» **Instructions for the task**
Please transcribe the lines below exactly, and leave every image behind.
*** Material to process Section Begins ***
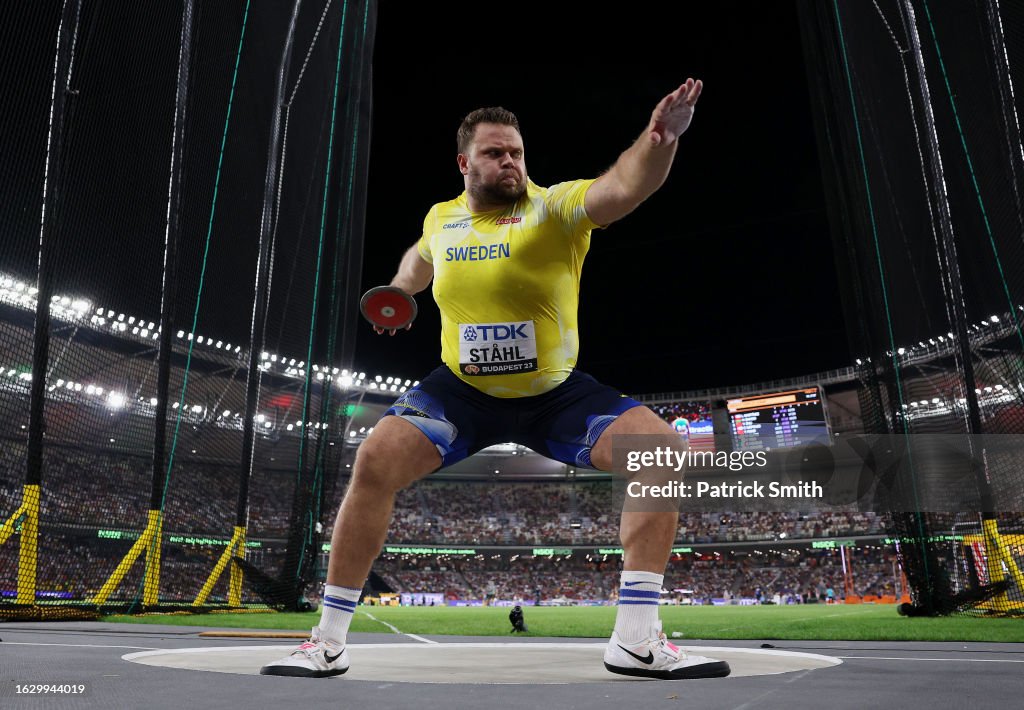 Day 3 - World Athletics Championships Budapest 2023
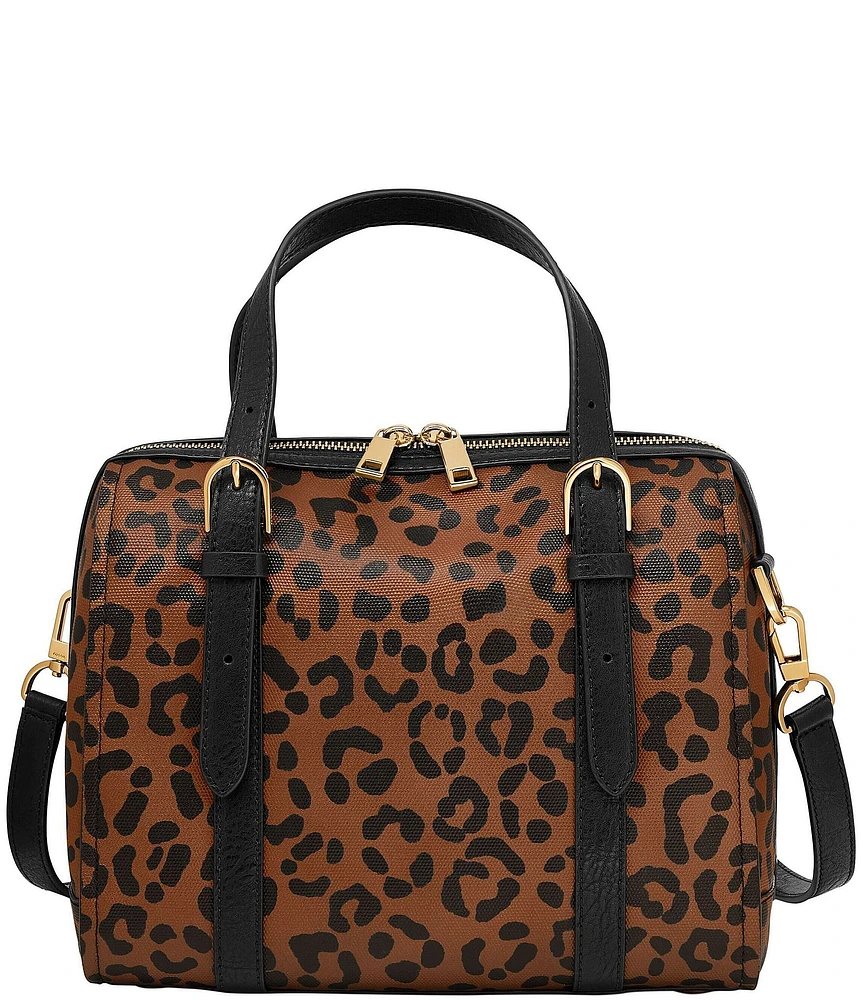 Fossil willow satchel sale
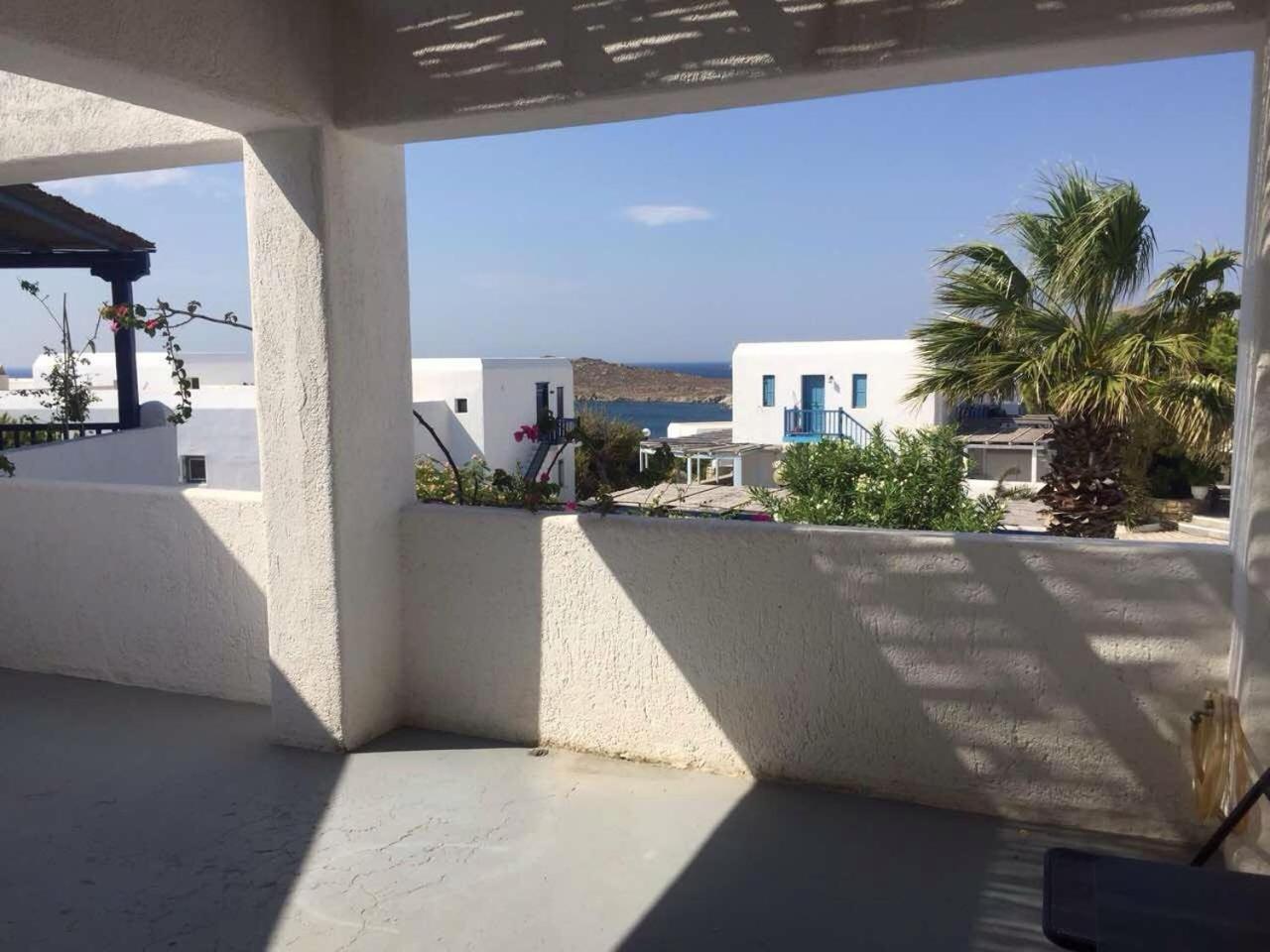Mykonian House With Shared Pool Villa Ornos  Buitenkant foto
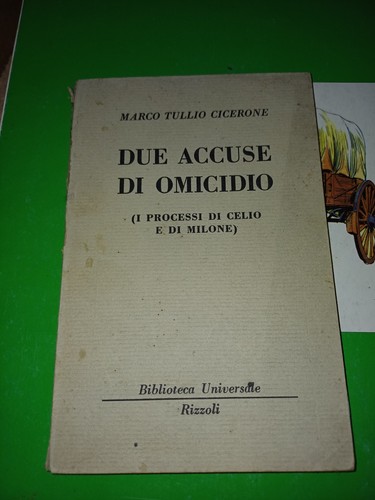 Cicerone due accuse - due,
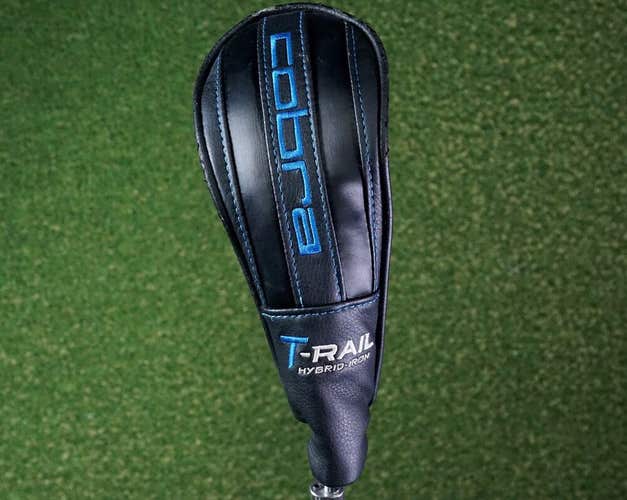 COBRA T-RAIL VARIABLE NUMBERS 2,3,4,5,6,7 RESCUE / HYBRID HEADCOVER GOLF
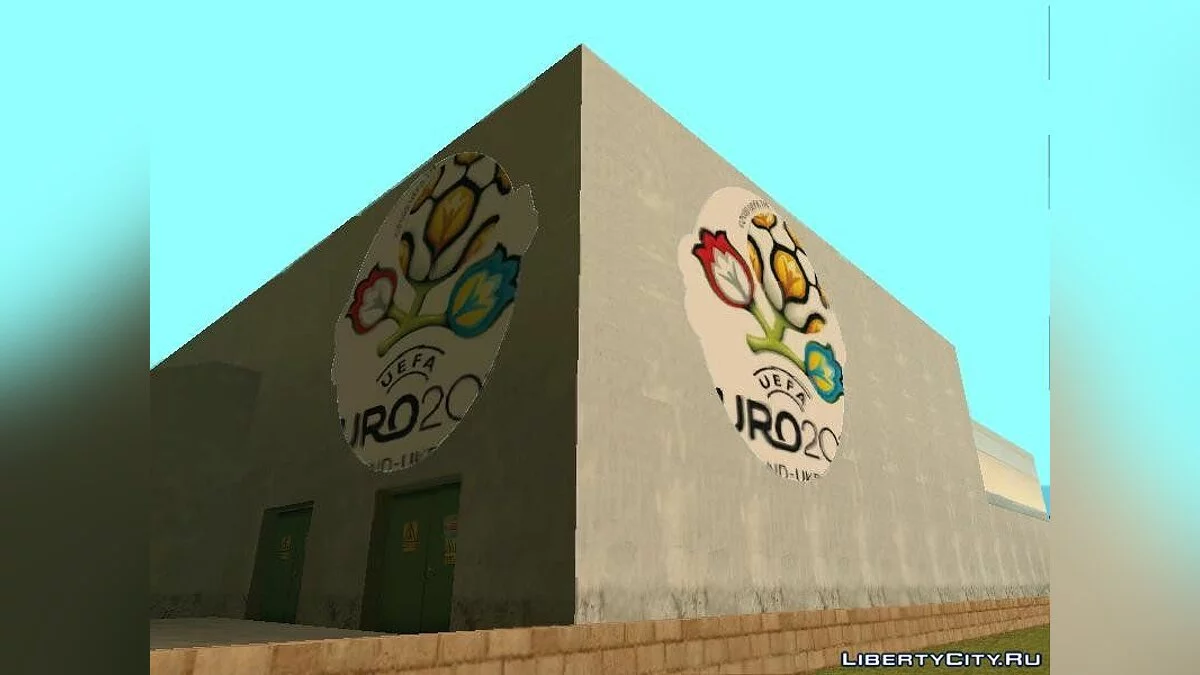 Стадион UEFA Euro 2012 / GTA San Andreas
*** Material to process Section Ends ***
» **Your response**
 Day 3 - World Athletics Championships Budapest 2023
 Fossil willow satchel sale
Mykonian House With Shared Pool Villa Ornos  Buitenkant foto
 Cicerone due accuse - due,
 COBRA T-RAIL VARIABLE NUMBERS 2,3,4,5,6,7 RESCUE / HYBRID HEADCOVER GOLF
 Стадион UEFA Euro 2012 / GTA San Andreas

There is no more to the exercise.